LÓ§fgren finished his doctorate in 1948 and published his
thesis, "Studies on local anesthetics: Xylocaine: a new synthetic
drug" [18]. He stayed on as a professor of organic chemistry at
the University of Stockholm where he was precluded from
winning research grants as a result of his financial success with
compound LL30. Lundqvist sustained a skull fracture after a fall
down a flight of stairs. He died from cerebral hemorrhage at the
age of 30.
Chloroprocaine: When chloroprocaine was introduced to
the market in 1952, lidocaine had already been used for epidural
anesthesia as the first amino-amide anesthetic. Lidocaine was
less likely to produce allergic reactions than the amino esteranesthetics
[19]. In comparison to chloroprocaine, lidocaine
provided a longer duration of action and was cleared less quickly
from the body. Chemically similar to procaine, 2-Chloroprocaine
became popular because of its rapid onset of action and
metabolism by plasma esterases. It had virtually no effect on
maternal-fetal physiology and was used extensively for pain relief
during labor and delivery [20].
Numerous reports in the 1980s describing long term and
even permanent neurological deficits due to local anesthetic
agents sent a shockwave through the practice of regional
analgesia [21]. Half a dozen cases reported prolonged
transient neurological sequelae [TNS] and suggested that the
cause might be accidental intrathecal infiltration during epidural
catheter placement [22]. Reports of more cases involving
accidental intrathecal injection with resulting
permanent neurological sequelae, in some cases causing
sexual dysfunction [23], forced the manufacturer to find ways to
deal with these issues by altering the composition of the
preservatives used in the manufacturing process. In 1987,
Astra removed preservatives and marketed a UV light
protected vial. Nonetheless, fear of causing potentially
permanent neurologic complications lead the Food and Drug
Administration [FDA] to prohibit the use of preservative
containing chloroprocaine for lumbar and caudal epidural
blocks.
Several hypotheses were put forward to explain these
adverse effects. The high dose and volume of the local anesthetic
were blamed initially. However, hundreds of deliberate spinal
injections with the same doses had not produced adverse
results [24]. Several of the early reports involved medications
without preservatives, nonetheless, other studies suggested that
preservatives such as methylparaben, ethylene diamine
tetra acetate [EDTA], and sodium bisulfite were to blame [25].

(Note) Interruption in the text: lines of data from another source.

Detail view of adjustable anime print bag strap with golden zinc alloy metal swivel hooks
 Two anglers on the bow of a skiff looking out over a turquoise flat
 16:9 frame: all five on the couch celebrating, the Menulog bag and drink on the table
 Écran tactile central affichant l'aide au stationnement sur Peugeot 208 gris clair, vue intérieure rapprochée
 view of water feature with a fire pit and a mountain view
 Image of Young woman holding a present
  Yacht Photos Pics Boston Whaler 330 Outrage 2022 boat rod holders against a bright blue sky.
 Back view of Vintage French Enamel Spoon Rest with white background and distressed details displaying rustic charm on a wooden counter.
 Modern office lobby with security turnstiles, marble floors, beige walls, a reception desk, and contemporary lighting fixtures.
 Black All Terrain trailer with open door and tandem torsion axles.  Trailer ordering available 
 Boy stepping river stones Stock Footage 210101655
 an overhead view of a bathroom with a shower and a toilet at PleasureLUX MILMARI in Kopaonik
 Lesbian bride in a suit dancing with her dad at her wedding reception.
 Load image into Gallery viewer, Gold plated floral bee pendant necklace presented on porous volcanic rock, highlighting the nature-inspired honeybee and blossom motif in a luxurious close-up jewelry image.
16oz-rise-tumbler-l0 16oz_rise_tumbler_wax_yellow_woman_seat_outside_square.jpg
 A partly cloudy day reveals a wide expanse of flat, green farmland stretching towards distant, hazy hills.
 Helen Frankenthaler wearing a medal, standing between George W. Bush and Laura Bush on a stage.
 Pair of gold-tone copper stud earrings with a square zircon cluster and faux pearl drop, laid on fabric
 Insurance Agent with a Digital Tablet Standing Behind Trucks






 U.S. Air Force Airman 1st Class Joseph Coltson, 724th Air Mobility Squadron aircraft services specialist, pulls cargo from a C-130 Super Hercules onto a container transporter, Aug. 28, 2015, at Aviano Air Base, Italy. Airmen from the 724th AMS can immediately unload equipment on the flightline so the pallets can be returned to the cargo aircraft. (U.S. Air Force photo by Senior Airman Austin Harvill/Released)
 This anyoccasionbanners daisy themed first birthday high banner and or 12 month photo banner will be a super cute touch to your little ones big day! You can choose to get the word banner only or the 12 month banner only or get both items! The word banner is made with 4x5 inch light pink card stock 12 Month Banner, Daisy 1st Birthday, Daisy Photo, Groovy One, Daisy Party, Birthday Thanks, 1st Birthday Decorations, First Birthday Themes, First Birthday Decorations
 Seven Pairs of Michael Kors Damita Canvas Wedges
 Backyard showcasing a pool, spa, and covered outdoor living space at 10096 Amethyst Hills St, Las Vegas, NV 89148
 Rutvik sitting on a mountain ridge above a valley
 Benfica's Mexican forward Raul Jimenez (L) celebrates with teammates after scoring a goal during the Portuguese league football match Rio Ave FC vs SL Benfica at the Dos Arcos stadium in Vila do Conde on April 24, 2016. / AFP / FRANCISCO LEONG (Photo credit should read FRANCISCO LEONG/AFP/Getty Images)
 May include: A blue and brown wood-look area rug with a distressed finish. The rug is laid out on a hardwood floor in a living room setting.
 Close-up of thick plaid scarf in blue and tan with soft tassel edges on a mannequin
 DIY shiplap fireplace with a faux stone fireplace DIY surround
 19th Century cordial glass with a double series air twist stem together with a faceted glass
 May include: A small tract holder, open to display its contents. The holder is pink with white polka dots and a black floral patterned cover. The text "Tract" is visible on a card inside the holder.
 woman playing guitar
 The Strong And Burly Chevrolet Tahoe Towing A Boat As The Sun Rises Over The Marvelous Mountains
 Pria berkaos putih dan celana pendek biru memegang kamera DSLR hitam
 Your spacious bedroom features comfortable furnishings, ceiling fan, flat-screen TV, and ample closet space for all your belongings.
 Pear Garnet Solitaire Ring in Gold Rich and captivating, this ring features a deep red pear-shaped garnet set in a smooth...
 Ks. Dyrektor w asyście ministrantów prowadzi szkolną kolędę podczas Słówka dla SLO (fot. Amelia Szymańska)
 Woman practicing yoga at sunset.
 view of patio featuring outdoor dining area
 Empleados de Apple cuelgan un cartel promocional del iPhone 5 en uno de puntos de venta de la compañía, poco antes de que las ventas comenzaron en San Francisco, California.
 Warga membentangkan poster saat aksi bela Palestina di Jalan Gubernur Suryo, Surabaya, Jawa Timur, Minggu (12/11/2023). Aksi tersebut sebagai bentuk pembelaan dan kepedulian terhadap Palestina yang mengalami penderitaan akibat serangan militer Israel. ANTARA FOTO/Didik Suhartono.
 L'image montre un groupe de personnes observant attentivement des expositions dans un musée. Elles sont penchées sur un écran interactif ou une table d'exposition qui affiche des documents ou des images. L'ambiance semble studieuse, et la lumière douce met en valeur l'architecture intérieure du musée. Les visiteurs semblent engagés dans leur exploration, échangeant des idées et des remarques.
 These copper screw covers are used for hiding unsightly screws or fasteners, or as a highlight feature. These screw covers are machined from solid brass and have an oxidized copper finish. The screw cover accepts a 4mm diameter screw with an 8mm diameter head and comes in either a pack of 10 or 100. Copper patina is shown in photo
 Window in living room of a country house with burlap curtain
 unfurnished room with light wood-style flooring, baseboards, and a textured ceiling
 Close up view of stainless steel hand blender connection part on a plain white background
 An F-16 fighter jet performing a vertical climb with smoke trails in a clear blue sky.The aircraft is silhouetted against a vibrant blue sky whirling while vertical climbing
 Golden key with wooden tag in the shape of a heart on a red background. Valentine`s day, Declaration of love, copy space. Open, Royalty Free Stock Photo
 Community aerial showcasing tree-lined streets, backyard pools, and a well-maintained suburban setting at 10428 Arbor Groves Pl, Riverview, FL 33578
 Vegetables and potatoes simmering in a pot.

It was known that these additives significantly prolonged the
shelf life of the drug and inhibited bacterial growth. Studies
on animal models and in-vitro neuronal stem cells showed
proliferative and architectural changes when exposed to 2-
chloroprocaine with and without sodium bisulfite [26].
A study in animals by Taniguchi showed that intrathecal
injection of sodium bisulfite caused less neurological
dysfunction compared to chloroprocaine alone, bringing into
play more confusion about the identity of thecausative agent;
was it the local anesthetic or the preservative? [27]. Despite
this study, FDA regulations restrict Astra, the current
manufacturer of chloroprocaine [Nesacaine-MPF] to market
the drug without bisulfite. In Europe, epidural administration of
chloroprocaine with preservatives is permitted and
surveillance studies have not revealed evidence of neurological
deficit. Thirty years later, there is a lack of clear evidence
pointing to any single mechanism responsible for neurotoxicity
associated with the use of epidural chloroprocaine.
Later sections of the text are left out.